→ **Extracted material**:
• • •

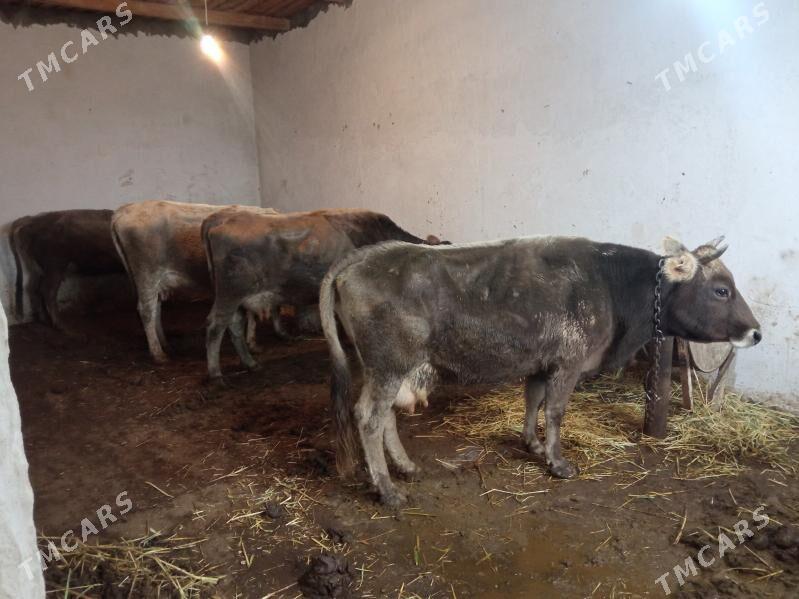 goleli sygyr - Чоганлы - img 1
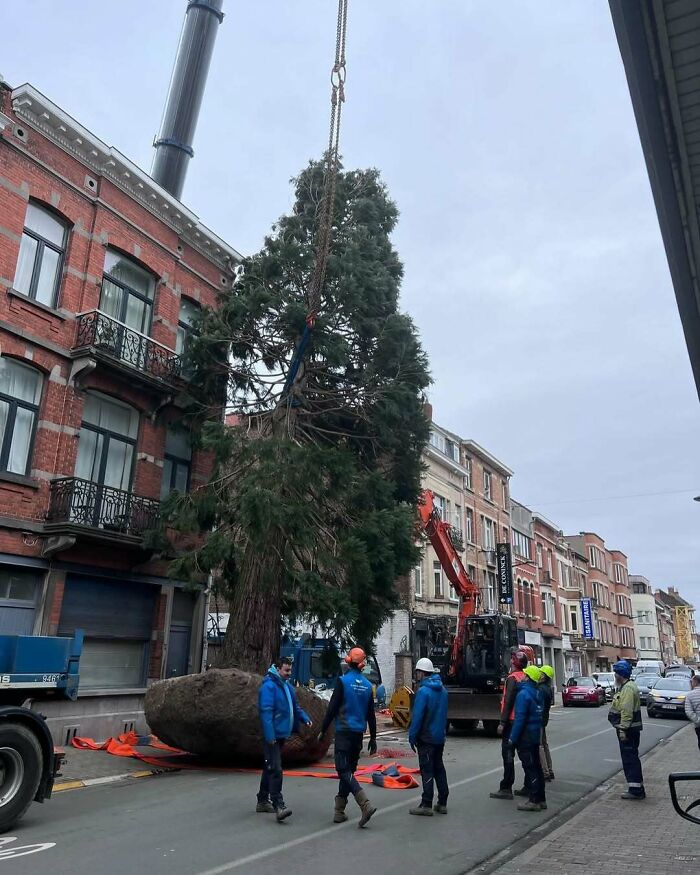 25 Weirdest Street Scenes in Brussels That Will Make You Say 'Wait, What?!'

• • •

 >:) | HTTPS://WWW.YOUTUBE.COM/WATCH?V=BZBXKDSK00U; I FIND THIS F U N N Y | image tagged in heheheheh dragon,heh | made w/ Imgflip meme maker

• • •

→ **Instructions for the task**: Look back at the data above, then output exactly the lines from the line holding "goleli sygyr - Чоганлы - img 1" up to and including the line holding "25 Weirdest Street". Leave out the pictures.

→ **Output**:
 goleli sygyr - Чоганлы - img 1
 25 Weirdest Street Scenes in Brussels That Will Make You Say 'Wait, What?!'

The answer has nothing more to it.